2.        Voir le texte de la décision.

(cf. points 27, 33)

3.        Voir le texte de la décision.

(cf. point 28)

4.        Voir le texte de la décision.

(cf. point 38)

5.        L’article 101, paragraphe 1, TFUE doit être interprété en ce sens que, lorsque l’administrateur d’un système d’information, destiné à permettre à des agences de voyages de vendre des voyages sur leur site Internet, selon un mode de réservation uniforme, envoie à ces opérateurs économiques, par l’intermédiaire d’une messagerie électronique personnelle, un message les avertissant que les remises afférentes aux produits vendus par l’intermédiaire de ce système seront désormais plafonnées et que, à la suite de la diffusion de ce message, le système en cause subit les modifications techniques nécessaires pour mettre en œuvre cette mesure, lesdits opérateurs économiques peuvent, à partir du moment où ils avaient connaissance du message envoyé par l’administrateur du système, être présumés avoir participé à une pratique concertée au sens de ladite disposition, s’ils se sont abstenus de se distancier publiquement de cette pratique, ne l’ont pas dénoncée aux entités administratives ou n’ont pas apporté d’autres preuves pour réfuter cette présomption, telles que la preuve d’une application systématique d’une remise excédant le plafonnement en cause.

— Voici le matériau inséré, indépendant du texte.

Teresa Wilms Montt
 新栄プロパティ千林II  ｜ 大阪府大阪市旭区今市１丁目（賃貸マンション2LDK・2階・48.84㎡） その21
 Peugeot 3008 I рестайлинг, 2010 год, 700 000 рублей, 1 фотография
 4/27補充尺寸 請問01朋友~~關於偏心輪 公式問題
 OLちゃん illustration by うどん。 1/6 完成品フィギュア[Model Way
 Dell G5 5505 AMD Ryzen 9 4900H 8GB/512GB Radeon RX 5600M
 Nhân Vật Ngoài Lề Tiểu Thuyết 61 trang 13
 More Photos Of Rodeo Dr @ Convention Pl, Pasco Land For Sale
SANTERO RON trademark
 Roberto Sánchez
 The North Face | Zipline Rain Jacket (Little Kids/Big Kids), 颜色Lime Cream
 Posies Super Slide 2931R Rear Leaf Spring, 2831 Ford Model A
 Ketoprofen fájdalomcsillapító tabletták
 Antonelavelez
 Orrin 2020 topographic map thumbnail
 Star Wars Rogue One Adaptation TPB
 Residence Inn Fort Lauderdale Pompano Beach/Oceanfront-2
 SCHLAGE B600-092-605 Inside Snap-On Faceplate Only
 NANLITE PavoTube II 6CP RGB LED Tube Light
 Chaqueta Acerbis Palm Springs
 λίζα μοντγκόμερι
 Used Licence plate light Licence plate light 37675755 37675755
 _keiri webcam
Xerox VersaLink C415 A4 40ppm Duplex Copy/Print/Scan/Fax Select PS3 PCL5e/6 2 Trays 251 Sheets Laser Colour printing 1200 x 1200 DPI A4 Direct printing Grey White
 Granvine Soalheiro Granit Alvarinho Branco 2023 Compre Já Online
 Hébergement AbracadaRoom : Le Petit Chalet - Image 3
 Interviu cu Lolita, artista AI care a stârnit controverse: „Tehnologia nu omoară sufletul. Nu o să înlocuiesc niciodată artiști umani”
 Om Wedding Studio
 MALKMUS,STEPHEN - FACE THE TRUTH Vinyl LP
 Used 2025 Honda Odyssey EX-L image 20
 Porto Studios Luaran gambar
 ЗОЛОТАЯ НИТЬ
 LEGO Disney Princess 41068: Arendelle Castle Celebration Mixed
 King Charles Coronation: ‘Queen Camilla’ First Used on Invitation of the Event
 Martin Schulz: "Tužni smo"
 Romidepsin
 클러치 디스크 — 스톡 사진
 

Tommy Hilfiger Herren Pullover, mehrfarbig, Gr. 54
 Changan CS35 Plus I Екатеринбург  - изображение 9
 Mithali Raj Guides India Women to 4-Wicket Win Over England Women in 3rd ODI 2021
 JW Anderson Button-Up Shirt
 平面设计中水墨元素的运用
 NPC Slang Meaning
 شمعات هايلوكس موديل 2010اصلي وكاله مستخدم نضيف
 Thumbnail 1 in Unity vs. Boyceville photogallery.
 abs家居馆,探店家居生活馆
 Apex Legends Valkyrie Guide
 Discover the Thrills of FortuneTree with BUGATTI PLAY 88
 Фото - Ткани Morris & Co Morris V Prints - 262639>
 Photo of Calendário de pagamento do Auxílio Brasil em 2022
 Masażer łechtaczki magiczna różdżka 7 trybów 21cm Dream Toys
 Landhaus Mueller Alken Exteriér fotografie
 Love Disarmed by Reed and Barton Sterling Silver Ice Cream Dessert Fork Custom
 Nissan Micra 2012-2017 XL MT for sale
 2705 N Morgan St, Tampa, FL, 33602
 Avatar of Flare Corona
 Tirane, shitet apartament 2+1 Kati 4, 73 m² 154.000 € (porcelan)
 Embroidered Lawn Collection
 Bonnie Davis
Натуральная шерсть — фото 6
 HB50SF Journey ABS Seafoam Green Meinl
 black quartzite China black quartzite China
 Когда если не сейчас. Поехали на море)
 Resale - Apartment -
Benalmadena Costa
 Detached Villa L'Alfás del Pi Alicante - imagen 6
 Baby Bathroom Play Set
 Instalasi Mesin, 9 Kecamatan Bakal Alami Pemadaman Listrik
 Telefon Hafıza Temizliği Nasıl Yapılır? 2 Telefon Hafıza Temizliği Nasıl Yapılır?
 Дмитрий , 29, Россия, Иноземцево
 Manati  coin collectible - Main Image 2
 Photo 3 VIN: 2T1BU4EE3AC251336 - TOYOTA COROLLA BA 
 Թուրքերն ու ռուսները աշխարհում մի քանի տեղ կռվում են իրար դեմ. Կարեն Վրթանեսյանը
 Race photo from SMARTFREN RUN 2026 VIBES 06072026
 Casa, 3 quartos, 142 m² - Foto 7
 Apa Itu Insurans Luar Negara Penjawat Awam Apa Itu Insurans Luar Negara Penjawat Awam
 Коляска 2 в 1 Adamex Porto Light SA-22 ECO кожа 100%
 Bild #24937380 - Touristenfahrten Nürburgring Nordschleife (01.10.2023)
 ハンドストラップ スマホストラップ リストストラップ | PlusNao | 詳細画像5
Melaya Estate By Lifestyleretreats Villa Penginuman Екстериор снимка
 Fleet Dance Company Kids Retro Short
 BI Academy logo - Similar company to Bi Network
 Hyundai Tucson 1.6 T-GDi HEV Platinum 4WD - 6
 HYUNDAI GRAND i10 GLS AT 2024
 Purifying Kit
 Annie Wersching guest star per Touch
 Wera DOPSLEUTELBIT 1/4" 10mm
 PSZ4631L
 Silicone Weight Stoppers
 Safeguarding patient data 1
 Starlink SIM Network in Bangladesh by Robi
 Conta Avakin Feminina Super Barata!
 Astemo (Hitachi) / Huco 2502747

Il appartient à la juridiction nationale d’examiner, sur la base des règles nationales régissant l’appréciation des preuves et le niveau de preuve requis, si, au regard de l’ensemble des circonstances qui lui sont soumises, l’envoi d’un tel message peut constituer une preuve suffisante afin d’établir que ses destinataires avaient connaissance de son contenu. La présomption d’innocence s’oppose à ce que la juridiction nationale considère que le seul envoi de ce message puisse constituer une preuve suffisante afin d’établir que ses destinataires devaient nécessairement avoir connaissance de son contenu.